With new House Speaker Richard Corcoran already calling for reducing state spending, his freshly minted counterpart, Senate President Joe Negron, may have to polish his sales pitch to win his signature priority — a massive land buy south of Lake Okeechobee.
Negron, R-Stuart, includes part of northern Palm Beach County in his district, along with a huge swath of the Treasure Coast fouled last summer by polluted water discharged from the big lake to prevent flooding.
Negron has proposed a $2.4 billion plan to buy 60,000 acres, mostly in western Palm Beach County, for a reservoir that would stem the need for discharges which he said “poisoned” the waterways of surrounding communities.
“We’ve made a lot of progress, because no one says that the status quo is acceptable,” Negron said, hours after being sworn-in at this week’s organization session of the Legislature.
Negron plans to seek $65 million in taxpayer money to bond $1.2 billion over 20 years, using voter-approved Amendment 1 money that produces more than $700 million a year for conservation.

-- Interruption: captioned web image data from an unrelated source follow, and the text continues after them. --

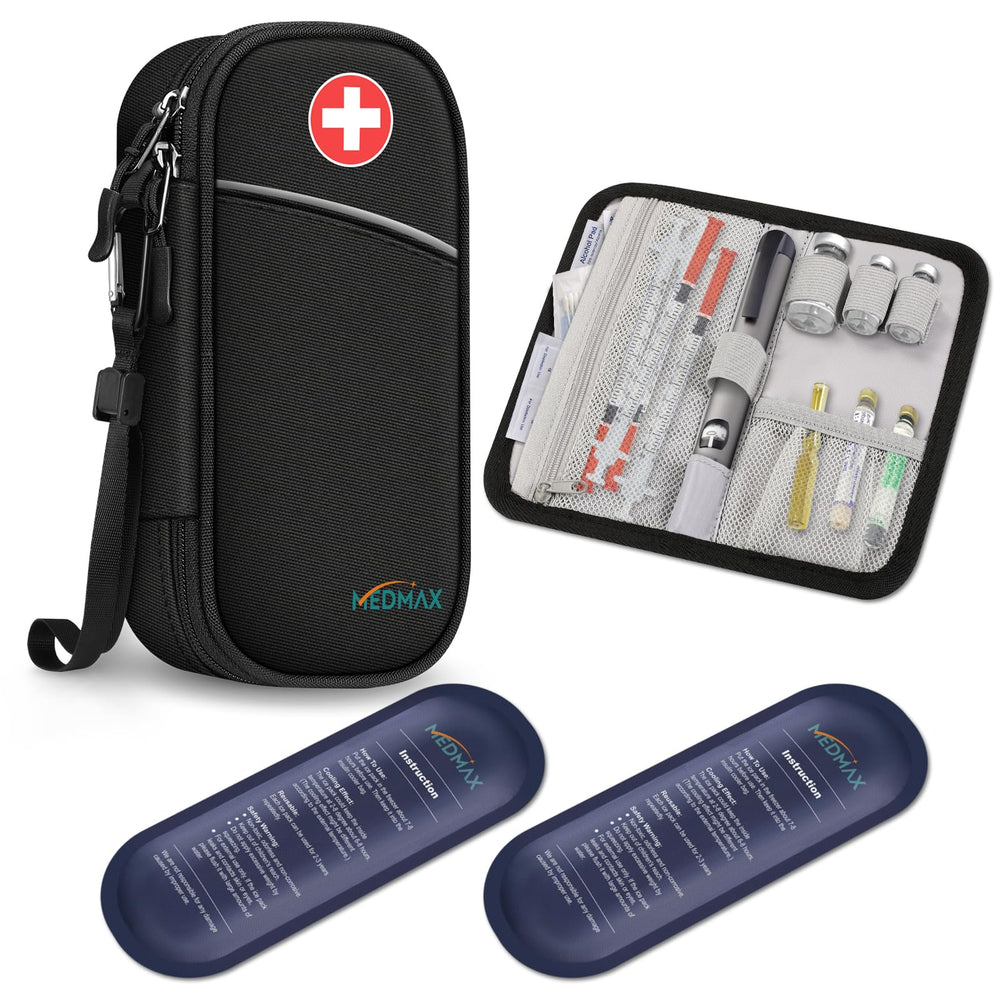 MEDMAX insulin cooler travel case front view for compact diabetic supplies organization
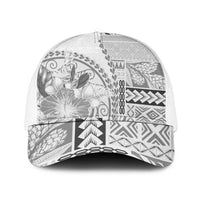 Samoa Siapo Elegant Mesh Trucker Cap Hibiscus White Motifs - Polynesian Pride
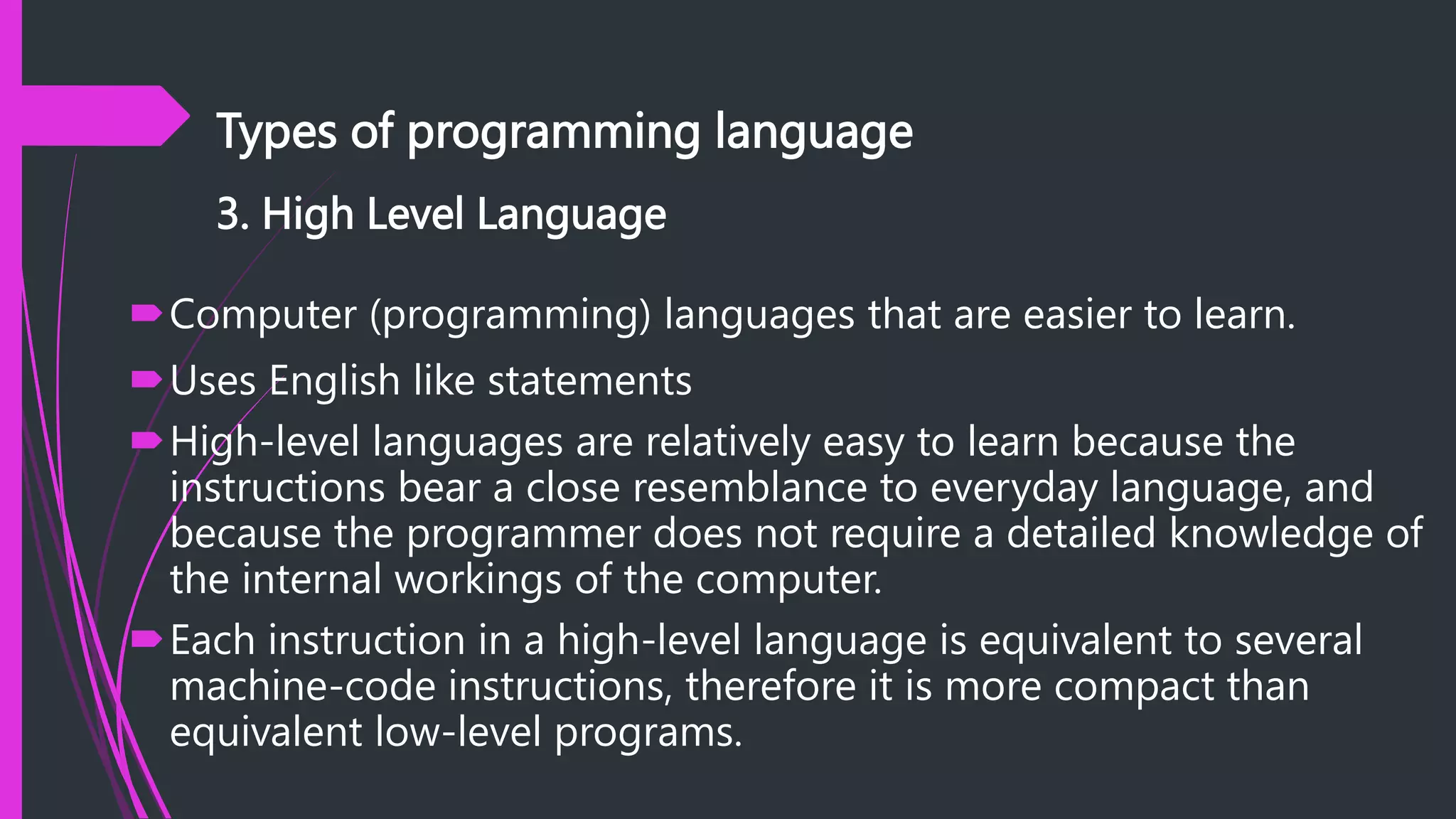 week 1 - INTRO TO PROGRAMMING.pptx | Programming Languages | Computing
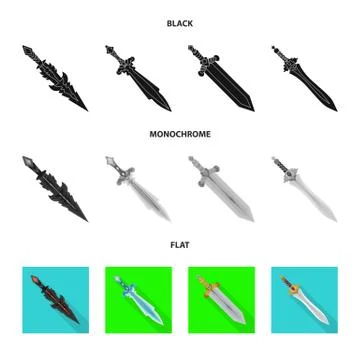 Vector illustration of game and armor sign. Collection of game and blade stock Stockillustratie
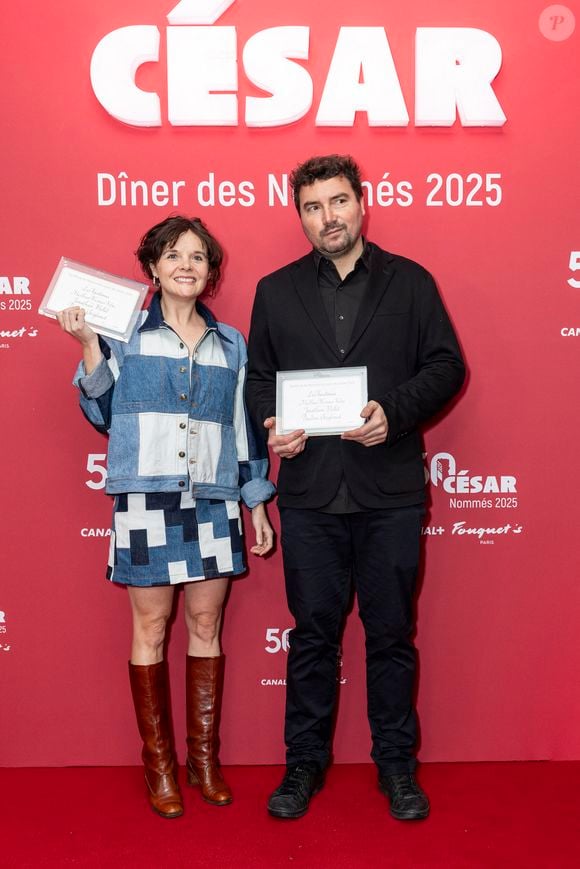Pauline Seigland, Jonathan Millet - Photocall du dîner des nommés 2025 pour la cérémonie des Cesar au Fouquet's à Paris le 10 février 2025 © Olivier Borde /Bestimage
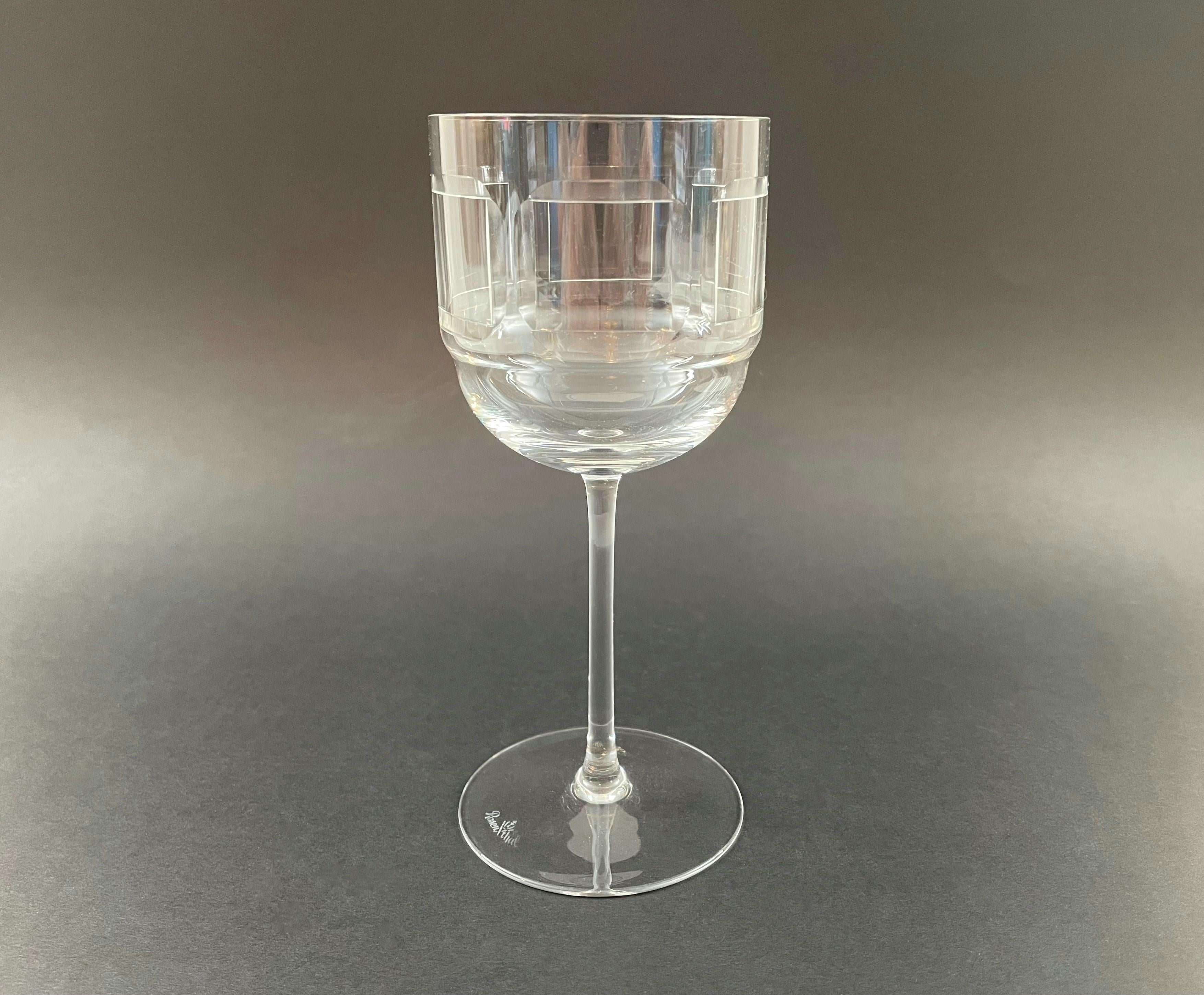 ROSENTHAL (Manufacturer) - SQUARES (Pattern) - Rare Mid Century wheel cut clear crystal wine glass - featuring a band of six engraved squares to the outside - signed on the base - Germany - circa 1960's.

Excellent / mint vintage condition - no loss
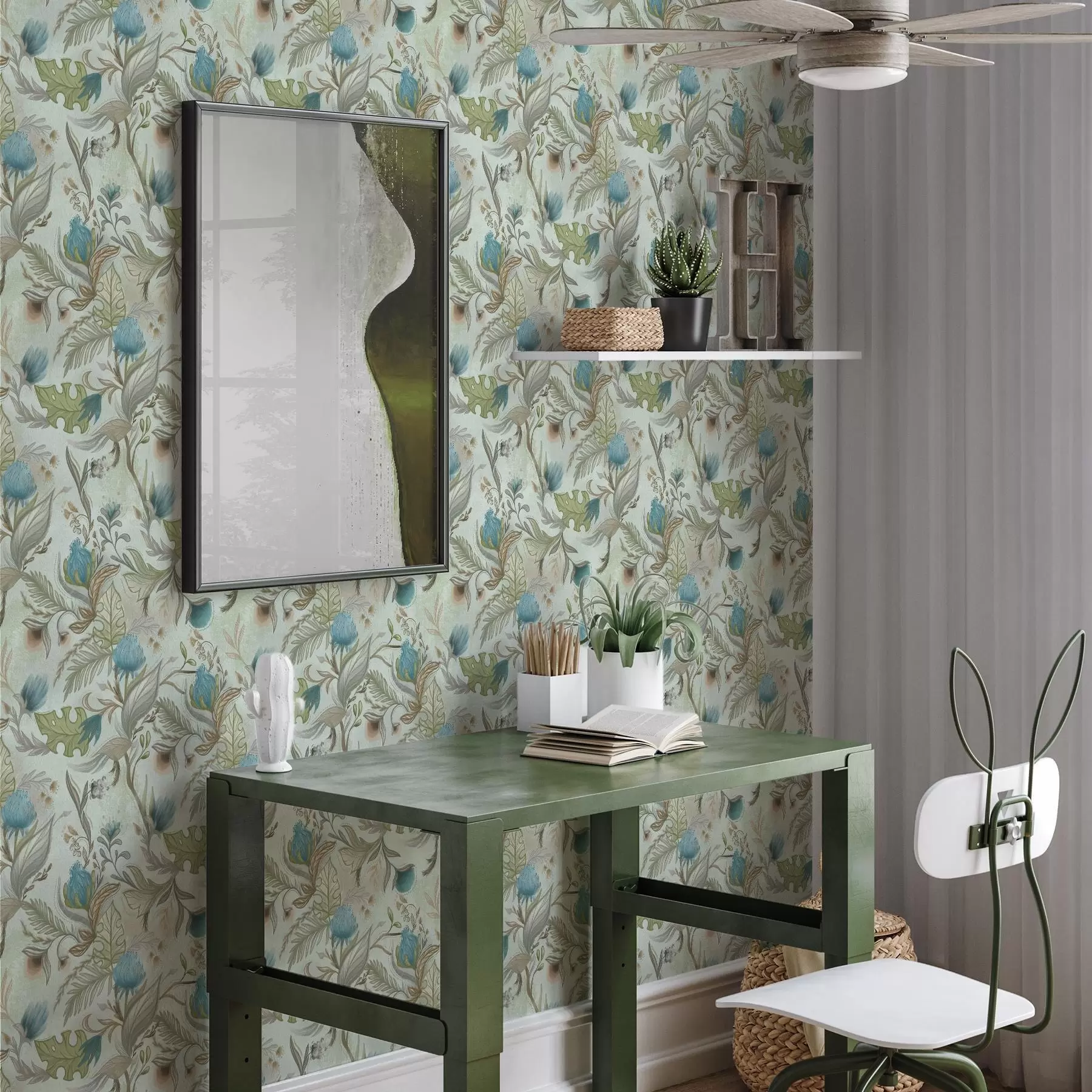 murales de pared Flores azules y vegetación sobre un suave fondo menta a00930v1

Corcoran said this week that the $82 billion state budget is in much worse shape than economists have said. Health care and pension costs have risen, he said and the specter of a tight budget fits into his overall approach to reduce the scope of hometown projects that always get tucked in the state spending plan by lawmakers.
Negron said this week that he agrees cuts can be made. But he isn’t budging from spending more to ease the state’s water problems while steering big money to higher education, another top shelf item for the Senate president.
On the land buy, Negron said he would urge lawmakers to consider that 75 percent of voters approved Amendment 1 in 2014 — which he said was a clear signal that conservation land should be acquired.
“The case I have to make is we are implementing the will of the voters,” Negron said.